Will Enterprise Architecture become a dinosaur?

The world have changed dramatically and a few years time and Enterprise Architecture have to adopt to a new environment or risk become getting as extinct as dinosaurs.

We have been talking about The need for more agile IT, What does the concept of DevOps mean to companies today, Need for speed to market and A scrapyard of old crap in a series of  interviews at Architecture Corner. They all touch the urge to be more flexible and faster for IT in order support the changing businesses and new market conditions.

Is there a problem?

The development of new products & services and adoption rate of those are much faster today than before. It took 75 years for telephone to reach 100 M users. For Instagram, it took two years to to reach the same amount of users.

Time to reach 100 M users - Vala Afshar

The digital revolution make the world spin faster and faster. At least it looks like that.

The lifetime of companies have decreased substantially for a number of decades. In the good old days, the lifetime of a Fortune 500 company was forty to fifty years. Now, it shrunk to a mere twelve years and I don't think it will grow again.

If you can't handle change in your organization, the chances are huge that your brand will be bought or your company become marginalized. As business getting more and more dependent on IT, IT must be able to change in a faster pace than today. 
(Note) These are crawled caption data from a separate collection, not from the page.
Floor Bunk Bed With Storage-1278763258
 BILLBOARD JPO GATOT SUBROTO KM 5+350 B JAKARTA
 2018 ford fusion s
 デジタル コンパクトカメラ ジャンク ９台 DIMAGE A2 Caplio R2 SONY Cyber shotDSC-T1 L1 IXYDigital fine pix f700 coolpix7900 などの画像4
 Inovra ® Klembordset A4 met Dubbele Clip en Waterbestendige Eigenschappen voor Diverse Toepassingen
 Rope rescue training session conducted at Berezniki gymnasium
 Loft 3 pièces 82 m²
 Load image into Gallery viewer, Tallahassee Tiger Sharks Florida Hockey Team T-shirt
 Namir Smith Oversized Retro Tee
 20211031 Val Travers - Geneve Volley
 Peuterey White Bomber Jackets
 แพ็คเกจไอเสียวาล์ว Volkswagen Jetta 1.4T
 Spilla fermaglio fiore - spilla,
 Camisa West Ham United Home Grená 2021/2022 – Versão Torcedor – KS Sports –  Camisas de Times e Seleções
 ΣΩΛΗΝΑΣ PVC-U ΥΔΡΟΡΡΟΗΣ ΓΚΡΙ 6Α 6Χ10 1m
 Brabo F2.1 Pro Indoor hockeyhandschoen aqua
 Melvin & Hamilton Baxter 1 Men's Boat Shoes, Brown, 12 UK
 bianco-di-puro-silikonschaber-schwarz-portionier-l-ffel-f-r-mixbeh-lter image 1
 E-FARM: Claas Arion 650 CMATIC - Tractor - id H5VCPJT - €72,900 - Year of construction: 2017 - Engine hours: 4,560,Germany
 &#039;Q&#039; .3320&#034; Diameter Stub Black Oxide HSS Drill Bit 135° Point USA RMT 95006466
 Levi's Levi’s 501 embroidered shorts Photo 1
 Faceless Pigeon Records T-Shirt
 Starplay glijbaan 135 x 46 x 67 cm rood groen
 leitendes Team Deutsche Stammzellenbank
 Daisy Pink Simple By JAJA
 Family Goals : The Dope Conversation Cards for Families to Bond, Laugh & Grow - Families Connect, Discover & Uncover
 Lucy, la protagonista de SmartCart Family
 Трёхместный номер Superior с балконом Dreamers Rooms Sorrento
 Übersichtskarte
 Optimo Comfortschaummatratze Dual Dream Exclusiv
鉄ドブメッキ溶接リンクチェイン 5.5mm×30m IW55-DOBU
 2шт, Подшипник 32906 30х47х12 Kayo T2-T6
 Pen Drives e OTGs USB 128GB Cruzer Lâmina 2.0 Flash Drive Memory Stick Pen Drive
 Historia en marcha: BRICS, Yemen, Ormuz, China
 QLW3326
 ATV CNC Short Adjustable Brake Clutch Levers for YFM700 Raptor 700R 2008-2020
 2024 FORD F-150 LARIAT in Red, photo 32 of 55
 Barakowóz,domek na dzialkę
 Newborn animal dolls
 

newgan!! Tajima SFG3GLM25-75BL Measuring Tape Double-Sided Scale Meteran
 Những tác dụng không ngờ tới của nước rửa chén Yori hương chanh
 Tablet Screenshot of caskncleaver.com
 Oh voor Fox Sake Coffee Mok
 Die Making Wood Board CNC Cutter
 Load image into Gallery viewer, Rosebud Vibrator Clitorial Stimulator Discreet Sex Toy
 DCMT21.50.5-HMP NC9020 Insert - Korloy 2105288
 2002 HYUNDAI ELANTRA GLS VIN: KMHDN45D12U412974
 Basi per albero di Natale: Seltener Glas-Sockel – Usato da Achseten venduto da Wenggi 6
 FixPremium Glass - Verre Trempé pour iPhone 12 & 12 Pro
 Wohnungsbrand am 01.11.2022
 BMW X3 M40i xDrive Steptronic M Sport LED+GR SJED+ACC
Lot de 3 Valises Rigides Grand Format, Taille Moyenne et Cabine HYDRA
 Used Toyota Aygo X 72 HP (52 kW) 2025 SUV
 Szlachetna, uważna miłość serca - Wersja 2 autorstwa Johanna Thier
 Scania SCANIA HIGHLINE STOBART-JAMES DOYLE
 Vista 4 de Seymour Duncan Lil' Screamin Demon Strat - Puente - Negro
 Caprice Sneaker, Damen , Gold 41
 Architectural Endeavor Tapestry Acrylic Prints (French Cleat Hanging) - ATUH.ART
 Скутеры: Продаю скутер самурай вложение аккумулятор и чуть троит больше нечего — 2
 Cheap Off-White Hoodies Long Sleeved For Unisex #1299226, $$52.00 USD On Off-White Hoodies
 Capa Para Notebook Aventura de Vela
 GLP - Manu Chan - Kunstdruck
But why are we not able to change? 

Working with a number of large companies, I see three different problems that all have to be addressed in different ways. They are interlinked and we can't improve without taking care for all of them, at least a bit.

    * Technology inventions forces business models to change faster
    * The lack of incentives for change 
    * Best practices ain't best anymore

Technology inventions forces companies to dump existing product segments or to find new streams of revenue. Looking back at the massive onslaught in textile manufacturing to today's bleeding mobile-phone companies. A good example is Sony who today loses a lot of money per sold mobile they build, but earns $20 per phone on all high-end smart-phones thanks to selling the camera components to major manufactures as Apple and Samsung.

The lack of incentives to change is a chapter in it's own and need at least separate article.

Finally, best practices ain't best anymore. This is where we touch Enterprise Architecture, but also project management methods and how we do service operations.

TOGAF, PM3, RUP, ITIL and others were not written with the need for fast changes in mind. They were developed in a world where you defined requirements and the changes were few, neither very often. Today we have to be more agile and this need puts new requirements on how we work with enterprise architecture and other areas.

Can you tell us the solution?

Here is where the new mindset comes in.  If I should say yes or no to the question, I would fall in the same trap as those methods we just talked about. 

My answer is that we have to do a lot of small changes to improve how we work, step by step, piece by piece. If one piece doesn't work in the context for a particular company, we have to adapt the method to the need and not the other way around.

This is why I would say probably. We are a number of colleagues who have been working for a while with a more agile approach to Enterprise Architecture, based on smaller increments, less detail, more business involvement and no requirements for a few years now. We think that this is a better way forward than traditional Enterprise Architecture and waterfall-style methods.

Remember, there is no silver bullet in changing enterprises.